Published May 09, 2008 09:42 am - An American Indian who shot a bald eagle for use in a tribal religious ceremony must stand trial, a federal appeals court has ruled.

Court orders American Indian to trial for shooting eagle



CHEYENNE, Wyo. (AP) — An American Indian who shot a bald eagle for use in a tribal religious ceremony must stand trial, a federal appeals court has ruled.

A three-judge panel of the 10th Circuit Court of Appeals in Denver on Thursday reversed a 2006 lower court ruling that dismissed a criminal charge against Winslow Friday, a Northern Arapaho Indian who has acknowledged shooting a bald eagle in 2005 during the tribe’s Sun Dance.

In dismissing the charge, U.S. District Judge William Downes of Wyoming said the federal government has shown “callous indifference” to American Indian religious beliefs. Eagle feathers are a key element of ceremonies of the Northern Arapaho and many other tribes.

The appeals court ruled that American Indians’ religious freedoms are not violated by federal law protecting eagles or the government’s policy requiring American Indians to get permits to kill the birds.

“Law accommodates religion,” the court said in its ruling. “It cannot wholly exempt religion from the reach of the law.”

Friday declined to comment on the court’s ruling. If convicted, he faces up to one year in jail and a $100,000 fine.

Friday’s public defender, John T. Carlson, said the ruling “reflects a failure to grasp the unique nature of the Northern Arapaho religious practice surrounding the eagle.”

Carlson said he and his client haven’t decided how to respond to the ruling. Their options are asking the full appeals court to hear the case, appealing to the U.S. Supreme Court or allowing the case against Friday to proceed to trial in Wyoming.

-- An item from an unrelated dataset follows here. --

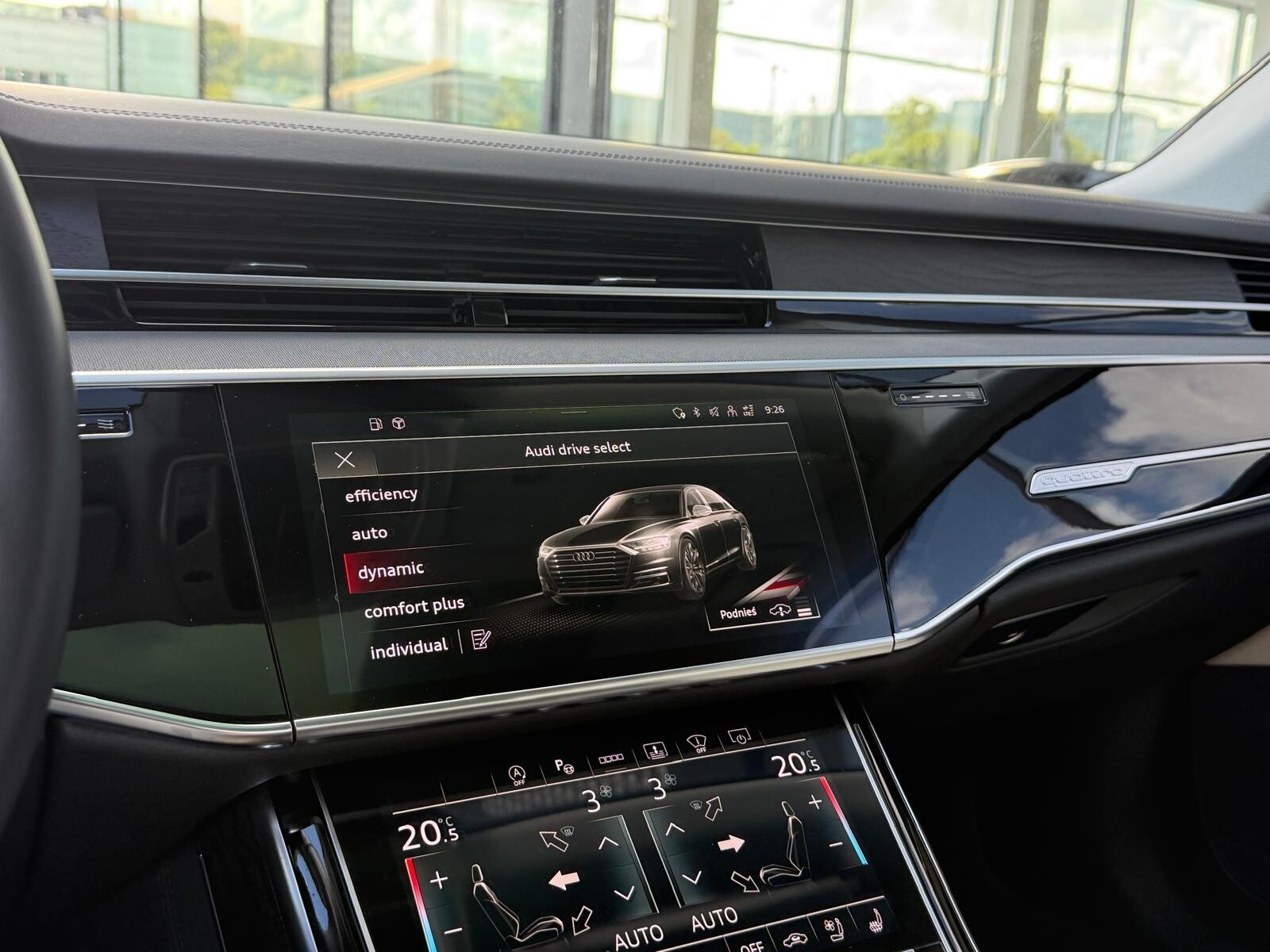 Audi A8 L - zdjęcie 40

John Powell, spokesman for the U.S. Attorney’s Office in Cheyenne, said the office planned to proceed with the prosecution.

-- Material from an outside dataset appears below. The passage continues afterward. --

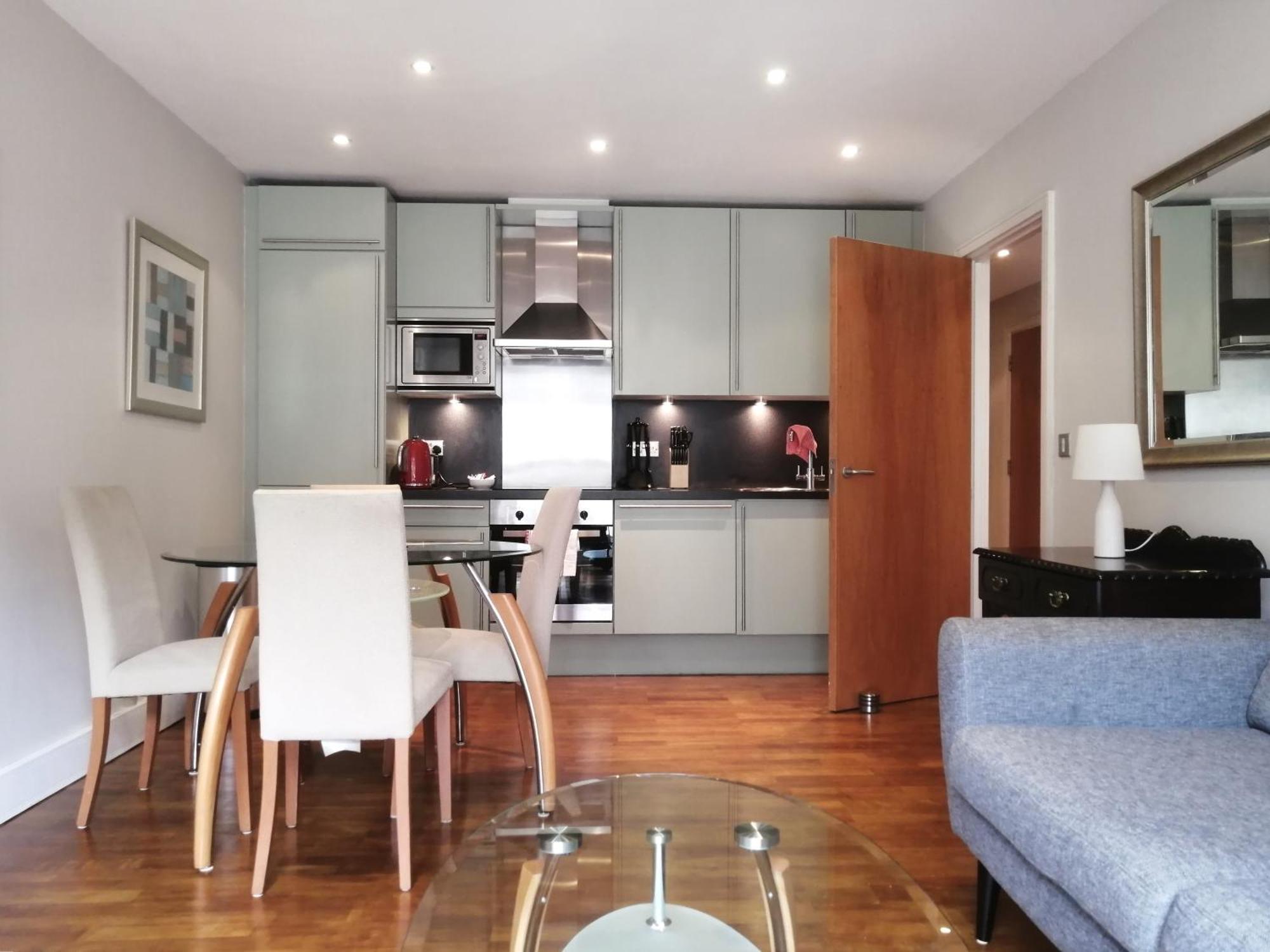 Still Life Tower Hill Executive Лондон Екстер'єр фото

Friday, who’s in his early 20s, said last year he didn’t know about a federal program that allows American Indians to apply for permits to kill eagles for religious purposes. Lawyers representing him and his tribe have argued that the U.S. Fish and Wildlife Service did its best to keep the program secret and only grudgingly issued permits.

In his ruling, Downes said it was clear that Friday wouldn’t have received a federal permit to kill an eagle if he had applied for one.

The judge wrote that the Fish and Wildlife Service has encouraged American Indians to apply to receive eagle parts from a Colorado repository that holds the remains of birds killed by power lines and other causes. He said the agency makes no effort to encourage American Indians to apply for permits to kill birds of their own.

The bald eagle was removed last year from the list of threatened species. It had been reclassified from endangered to threatened in 1995. However, the species is still protected under the federal Bald and Golden Eagle Protection Act.

Kathryn E. Kovacs, a lawyer with the U.S. Department of Justice, told the federal appeals court in arguments in December that Friday had no standing to argue about shortcomings of the federal permitting process because he never applied for a permit before killing the eagle.

The appeals court agreed. It also rejected Friday’s argument that the federal Religious Freedom Restitution Act, which prohibits the government from placing undue burdens on religious practices, should block the federal government from prosecuting him for killing the eagle.